Nagpur, 12.09.2023: Community Level Capacity Building Workshop on Thermal Power Plant, Coal Issues and Energy Landscape was organized at MLA House (Hostel), Conference Hall, Civil Line, Nagpur on 11-12 September 2023. Around 40 people from thermal power plant affected communities of Madhya Pradesh and Maharashtra participated in the workshop. The two-day workshop was organised by Centre for Financial Accountability New Delhi, Centre for Sustainable Development, Nagpur and Bargi Bandh Visthapit aur Prabhavit Sangh.

The objective of the workshop was to familiarise the participants with the redressal means available to them when they face harmful health, social, and environmental impacts arising from Thermal power projects. Second, the aim was to discuss the emerging trends in the energy landscape and to emphasise the importance of just and equitable energy transition. Third, the purpose was to enable a platform where affected communities can put forward their concerns.

Speaking about India’s Energy Landscape, the role of energy in human society and its sources, such as coal, hydropower and nuclear projects, Anitha Sampath of the Center for Financial Accountability (CFA) talked about the detrimental effects on the environment, health and climate while also elaborating on the advantages and disadvantages of renewable sources of energy.

India’s fossil fuel reserves are limited. Known reserves of oil and natural gas can last up to 18 and 26 years, respectively, depending on current reserves and production rates. India has huge coal reserves (84 billion tonnes) which can last for about 200 years. Increasing ash content of Indian coal from increasing number of thermal power plants as well as associated greenhouse gas emissions are major concerns.

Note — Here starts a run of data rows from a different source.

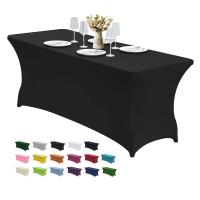 Funda De Mesa Elástica De Spandex Para 6FT/4FT Universal Ajustable Para Fiestas Banquetes Bodas Y Eventos Resistente Al Aceite Estilo Sólido - details 0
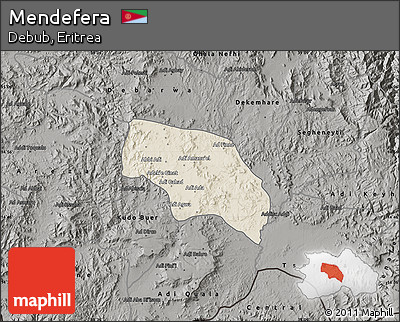 Shaded Relief Map of Mendefera, darken, semi-desaturated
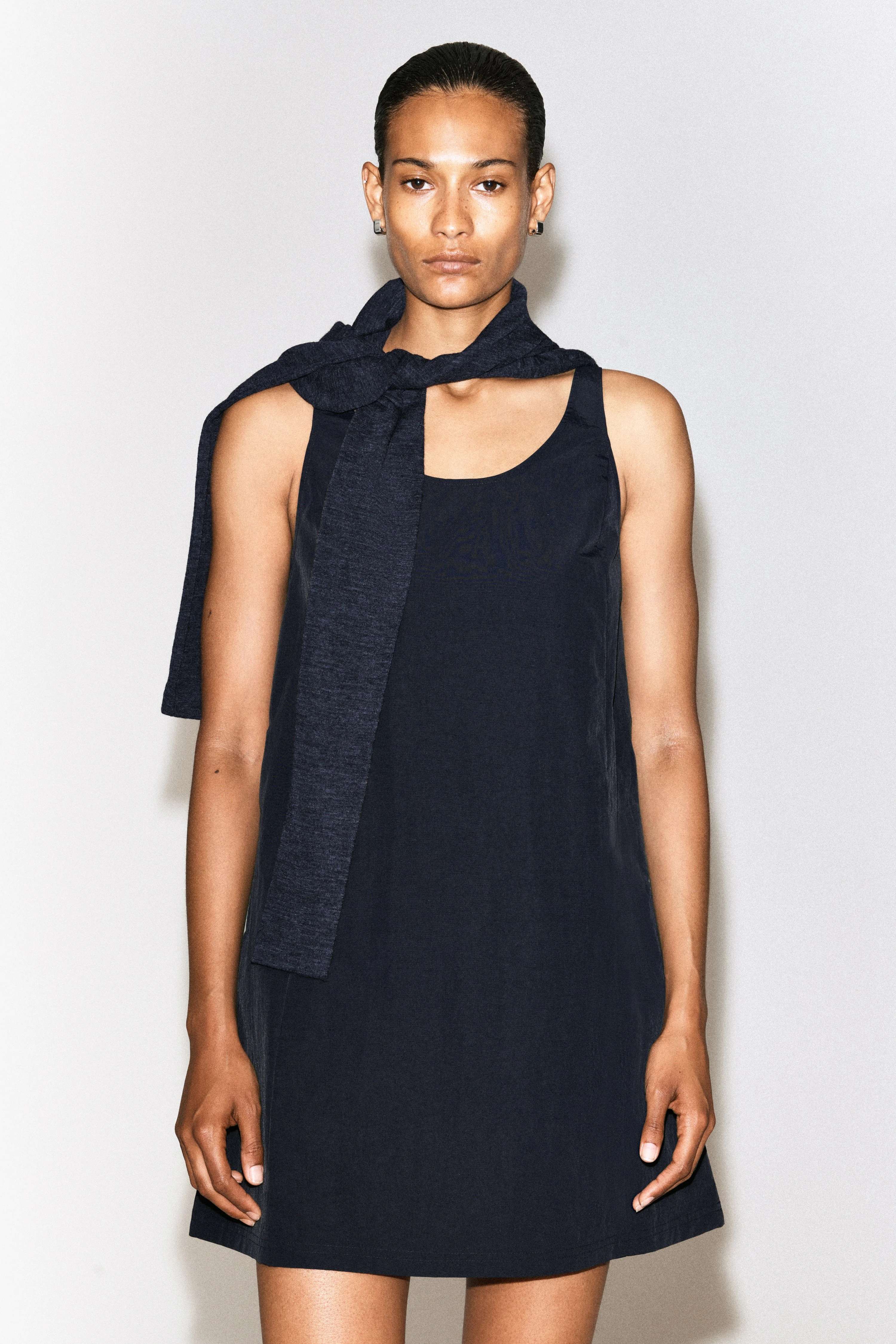 JERSEY-PANELLED NYLON MINI DRESS - 5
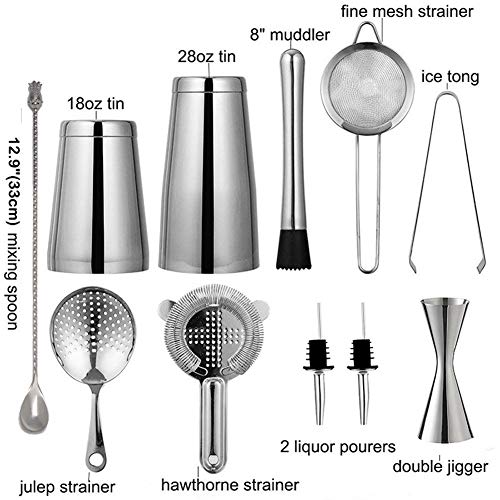 ARTFFEL Langlebiges Shaker-Bar-Set: gewichtete Shaker, Sieb-Set, Messbecher, Barlöffel, Eiszange, Ausgießer gesund… – Bild 5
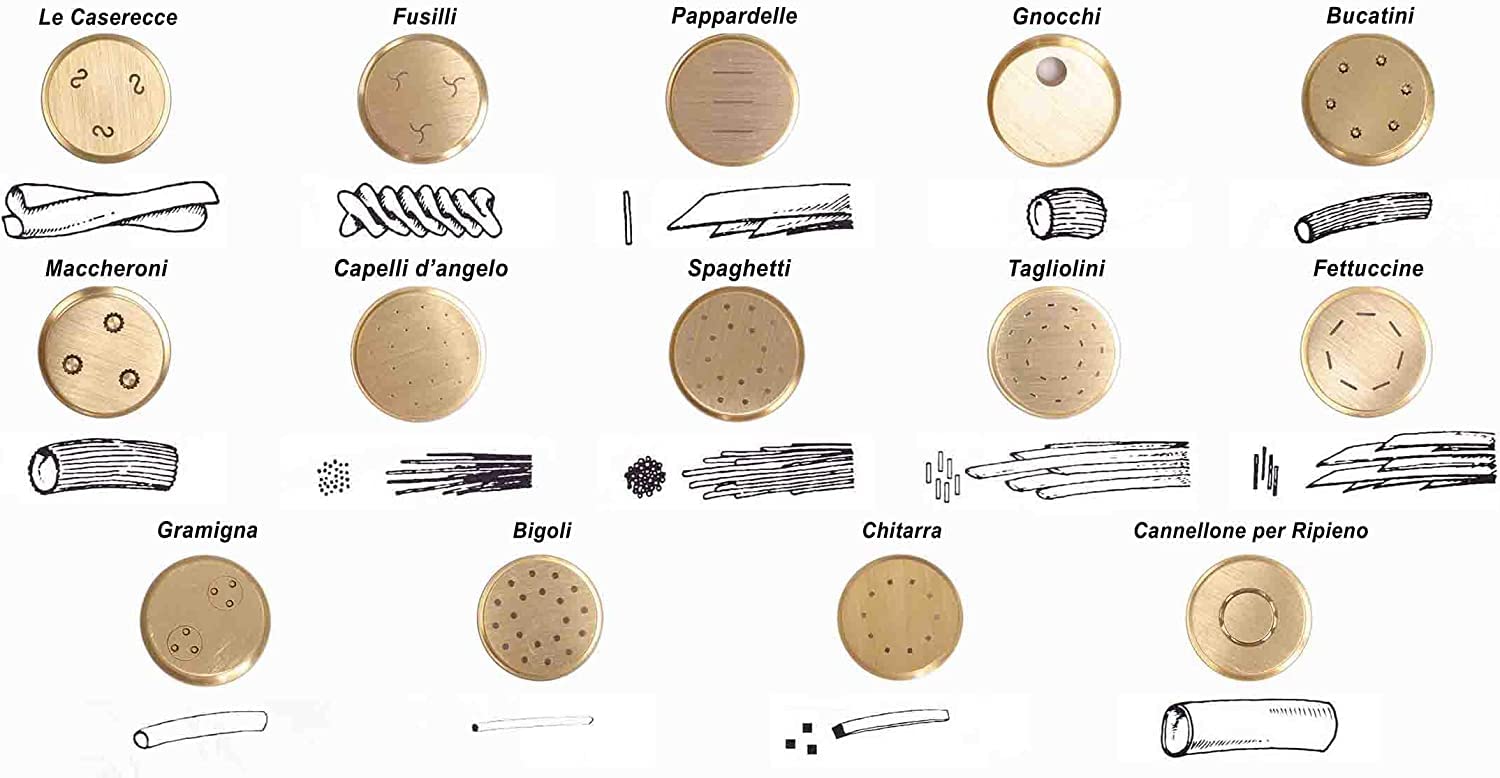 Macchina per fare la Pasta Fresca professionale con coltello TAGLIAPASTA elettrico, 4 trafile in bronzo incluse, capacità vasca 1,5kg, produzione max pasta 4kg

Rajkumar Sinha, from the Bargi Dam Displaced and Affected Association, spoke on the energy landscape of Madhya Pradesh and the contribution of various sources of regionally concentrated energy, and the demand and availability of energy and increasing power consumption by private companies. He said, “Land acquisition law and its real estate, the government and private companies are taking away land from farmers and tribals on a large scale in the name of electricity. What does the land acquisition law say, and how do people use it, and how can they save their land and take it back, is something we need to understand.”

Leena Buddhe of the Center for Sustainable Development explained how to measure and monitor the impact of large energy projects on the environment, water pollution and health and also how to use this data in people’s struggles. A study was conducted by CFSD in 2021 in 21 affected villages around Khaparkheda and Kordi Thermal Power Plant in Nagpur district where water and dust samples were taken from 25 locations and it was found that the quality of water in these villages is quite poor. Due to which, the health of the people of these 21 villages is being affected.

Amitanshu Verma, senior researcher at the Center for Financial Accountability, New Delhi, shed light on institutions providing energy finance. He said, “Banks financing energy projects are becoming socially and environmentally responsible. Loans should not be given to projects which cause displacement, health and environmental impacts.” Amitanshu Verma said that banks and financial institutions need to implement a comprehensive accountability system.

Jammu Anand from Nagpur highlighted the energy consumption scenario in urban areas. He said, “Energy availability for poor and marginalized communities, large scale electricity being provided to industries and large shopping malls in the name of urbanization, changing lifestyles in cities to understand the increasing use of energy. It is also important to understand that does the entire population of a city use energy equally? Otherwise, it is necessary to find out that which component in the city uses more energy and who pays the price?”
This issue also came up that the way cities are being built increases energy consumption uncontrollably. So we have to find new options for urban expansion.

The Government of India has been continuously emphasizing the construction of large projects in the name of development of the country for the last few decades. These projects are being viewed in relation to the growth rate of India’s Gross Domestic Product. We know that on the one hand, private companies are constantly increasing their control over natural resources in the name of energy, and on the other hand, companies are looting public money in the name of development.

Around 40 people from the communities and organizations affected by Madhya Pradesh’s Jhabua Thermal Power Plant, Gadarwara Thermal Power Plant, Chutka Nuclear Project, Today Energy and Maharashtra’s Koradi Thermal Power Plant, Khapadkheda Thermal Power Plant, Chandrapur Thermal Power Plant and Mauda Thermal Power Plant, participated in the workshop and shared their experiences.